我們可以嘗試從問題分解的角度分析這道題。設爬到第 $i$ 階共有 $dp[i]$ 種方案,那麼 $dp[i]$ 就是原問題,其子問題包括:
$$
dp[i-1], dp[i-2], \dots, dp[2], dp[1]
$$
由於每輪只能上 $1$ 階或 $2$ 階,因此當我們站在第 $i$ 階樓梯上時,上一輪只可能站在第 $i - 1$ 階或第 $i - 2$ 階上。換句話說,我們只能從第 $i -1$ 階或第 $i - 2$ 階邁向第 $i$ 階。
由此便可得出一個重要推論:**爬到第 $i - 1$ 階的方案數加上爬到第 $i - 2$ 階的方案數就等於爬到第 $i$ 階的方案數**。公式如下:
$$
dp[i] = dp[i-1] + dp[i-2]
$$
這意味著在爬樓梯問題中,各個子問題之間存在遞推關係,**原問題的解可以由子問題的解構建得來**。圖 14-2 展示了該遞推關係。

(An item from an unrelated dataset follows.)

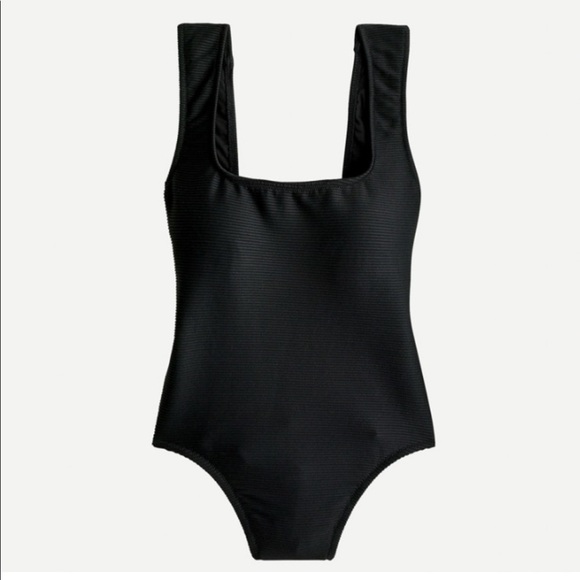NWT J. Crew Size 24 Black Rib Square Neck One Piece Swimsuit AU931 - Picture 1 of 5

![方案數量遞推關係](intro_to_dynamic_programming.assets/climbing_stairs_state_transfer.png){ class="animation-figure" }
<p align="center"> 圖 14-2 &nbsp; 方案數量遞推關係 </p>
我們可以根據遞推公式得到暴力搜尋解法。以 $dp[n]$ 為起始點,**遞迴地將一個較大問題拆解為兩個較小問題的和**,直至到達最小子問題 $dp[1]$ 和 $dp[2]$ 時返回。其中,最小子問題的解是已知的,即 $dp[1] = 1$、$dp[2] = 2$ ,表示爬到第 $1$、$2$ 階分別有 $1$、$2$ 種方案。
觀察以下程式碼,它和標準回溯程式碼都屬於深度優先搜尋,但更加簡潔:
=== "Python"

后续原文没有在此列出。